Saifallah Lasram, sindaco di Tunisi dal 2011, è testimone delle ultime vicende della storia tunisina, a cominciare da quella “rivoluzione dei Gelsomini” che ha scatenato, nel 2011, le cosiddette primavere arabe. La Tunisia ha beneficiato degli sviluppi innescati da quel processo, ma lo ha fatto a prezzo del sangue. Lo sanno bene a Tunisi, dove un commando dell’Isis il 18 marzo 2015 fece una strage al Museo del Bardo che costò la vita a 22 persone. Il sindaco Lasram ha collaborato all’Assemblea Costituente nazionale ed è presidente della Federazione nazionale delle città tunisine.



Sindaco Lasram, qual è l’eredità della rivoluzione dei Gelsomini del 2011?

Il lato positivo di quella rivoluzione è che siamo riusciti a passare ad una democrazia vera. Oggi abbiamo istituzioni sovrane, elette liberamente dai cittadini. Abbiamo un parlamento e un presidente della repubblica eletti a suffragio universale, e ci apprestiamo alla fine dell’anno ad organizzare libere elezioni per eleggere i consigli municipali. C’è la libertà di stampa, la libertà di parola e i cittadini sono liberi di organizzarsi in partiti.



E tutto questo è dipeso dalla rivoluzione?

Sì. Prima del 2011 avevamo un regime autoritario. Dall’indipendenza, ottenuta nel 1956, la Tunisia ha conosciuto solo due presidenti: Bourguiba, plebiscitato dal popolo tunisino perché è stato il leader della lotta per l’indipendenza, e Ben Ali, che nell’87 destituì Bourguiba. Quindi nessun presidente della repubblica e nessun parlamento è stato eletto in modo indipendente dal popolo tunisino. Tutti i nostri progressi in materia democratica li dobbiamo alla rivoluzione del 2011. 

La sua attenzione e il suo impegno vanno alle comunità locali, proprio quando la grande politica si gioca altrove. Perché?



Oggi, come in molti paesi, in Tunisia noi ci impegniamo per instaurare un autentico potere decentralizzato e per dare alle città e alle municipalità il diritto di decidere da sole del loro programma di sviluppo. E questo decentramento, come sapete bene in Italia, è il miglior modo per assicurare crescita e sviluppo dei territori e per conseguenza del paese in generale.

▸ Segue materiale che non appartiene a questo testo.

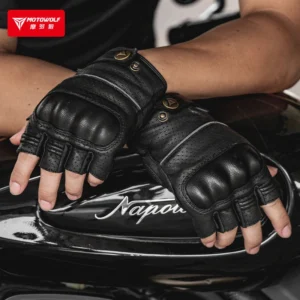 Detailed look at the adjustable velcro and classic snap-button wrist closure on the Motowolf Retro Half Finger Motorcycle Gloves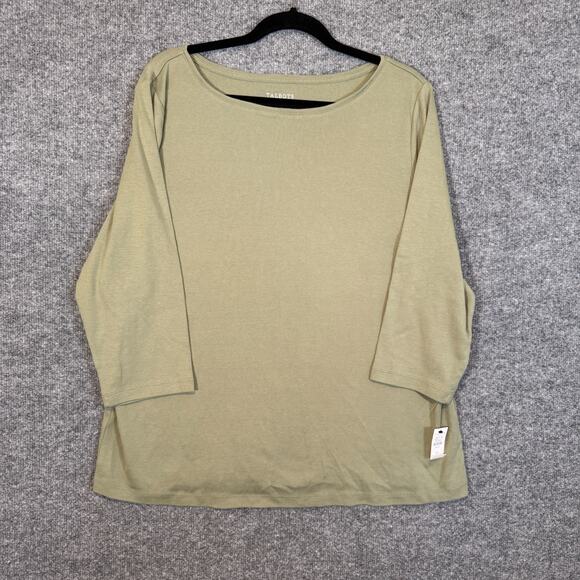 Talbots Shirt Womens 2X XXL Green 3/4 Sleeve Tshirt Stretch Plus Size NEW - Picture 1 of 8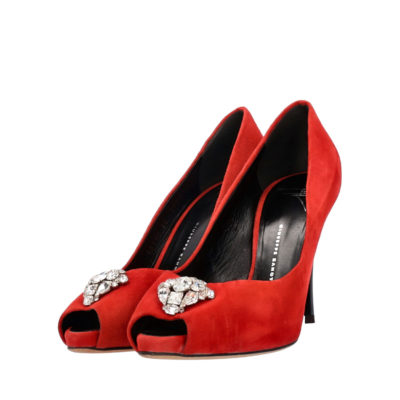 Product GIUSEPPE ZANOTTI Suede Crystal Embellished Peep Toe Pumps Red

Come vede il ruolo del nostro paese nel Mediterraneo?

E’ un ruolo storico. Anche noi ne abbiamo tratto vantaggio: malgrado la grande concorrenza tra Roma e Cartagine, Roma ha lasciato in Tunisia un importante seme di sviluppo futuro… L’Italia è una civiltà che ha dato forma al Mediterraneo.Tanti italiani che hanno vissuto in Tunisia hanno contribuito al suo sviluppo culturale, economico e perfino architettonico. Per questo l’Italia è un amico prossimo del nostro paese. Io e il sindaco di Firenze, Dario Nardella, siamo fieri di avere contribuito a ravvivare queste buone relazioni e a realizzare ulteriori progressi. 

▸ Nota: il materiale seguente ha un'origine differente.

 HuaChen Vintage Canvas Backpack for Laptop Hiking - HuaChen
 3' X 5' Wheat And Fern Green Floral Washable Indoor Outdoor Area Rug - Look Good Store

Quale futuro vede per la Libia?

La situazione della Libia è molto complicata. Le sommosse del 2011 e 2012 hanno diviso il paese, facendo soffrire moltissimo la sua gente. Per questo vediamo con molto interesse gli sforzi che vengono fatti da diversi attori, tra i quali l’Italia, per assicurare al paese l’unificazione. E’ la base per assicurare al popolo libico un nuovo sviluppo.

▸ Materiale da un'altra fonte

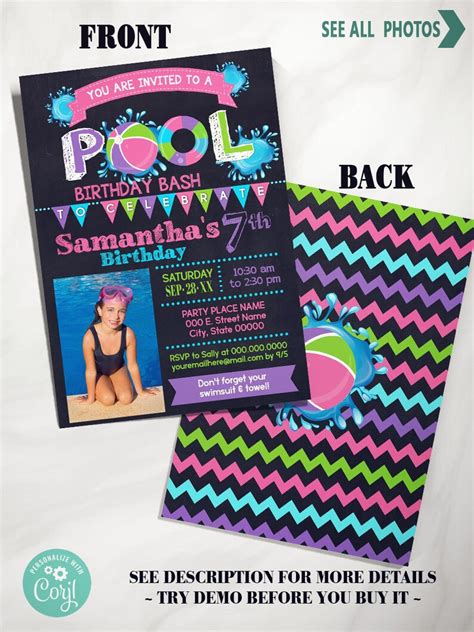 Pink Pool Summer Backyard Bash Birthday Invitation Summer Etsy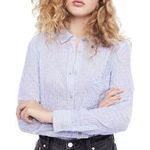 Free People  No Limits Stripes Button Down Shirt In Blue Photo 2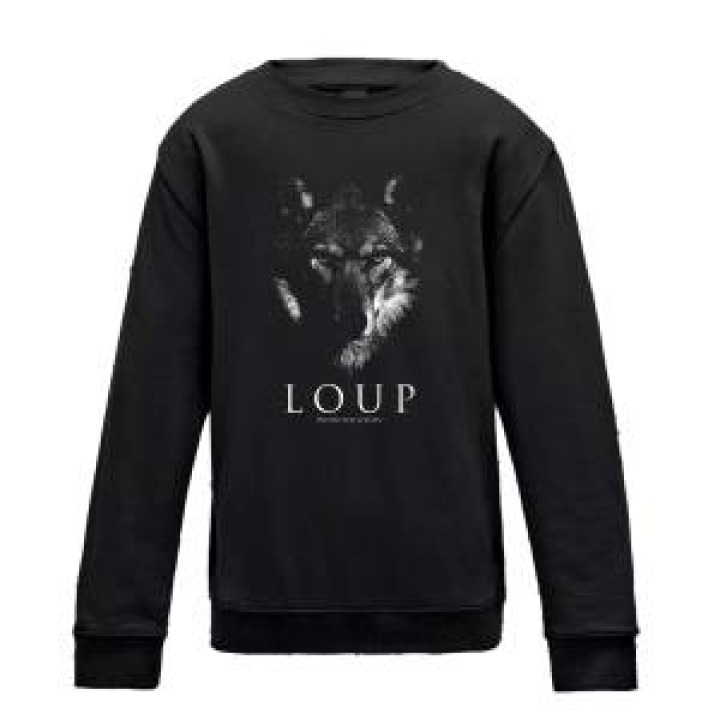 Sweatshirt enfant col rond Loup Gamme Black Bioparc Jet Black 78 ans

I terroristi sono tornati a colpire i paesi occidentali. Cosa deve fare l’occidente per contrastare il fondamentalismo islamista?

Il terrorismo ha colpito con violenza dappertutto. Nell’Europa del nord, nei paesi del Mediterraneo, a casa nostra. E’ un fenomeno che ha delle ramificazioni internazionali, dunque occorre che l’unità di tutti i paesi e di tutti i popoli contro il terrorismo sia una unità reale. Dobbiamo tutti insieme combattere i nemici della libertà, i nemici dell’umanità, e avere una visione unitaria contro tutte le persone e le organizzazioni che vogliono destabilizzare e distruggere i nostri paesi.

Combattere come?

Il terrorismo non è un nemico che si ha davanti, ma un nemico nascosto. Il primo lo si affronta uomo contro uomo. Per fronteggiare il secondo occorre un contrasto basato sulla civilizzazione e sulla mentalità. E’ questa la strada da intraprendere. 

Cosa pensa del titolo del Meeting di quest’anno?

Il rapporto padri-figli-eredi parla di una continuità, di un possesso rinnovato. E’ un messaggio che crea un ponte importante tra le due rive del Mediterraneo e credo che sia un obiettivo nobile per tutti noi poter lavorare in questo senso.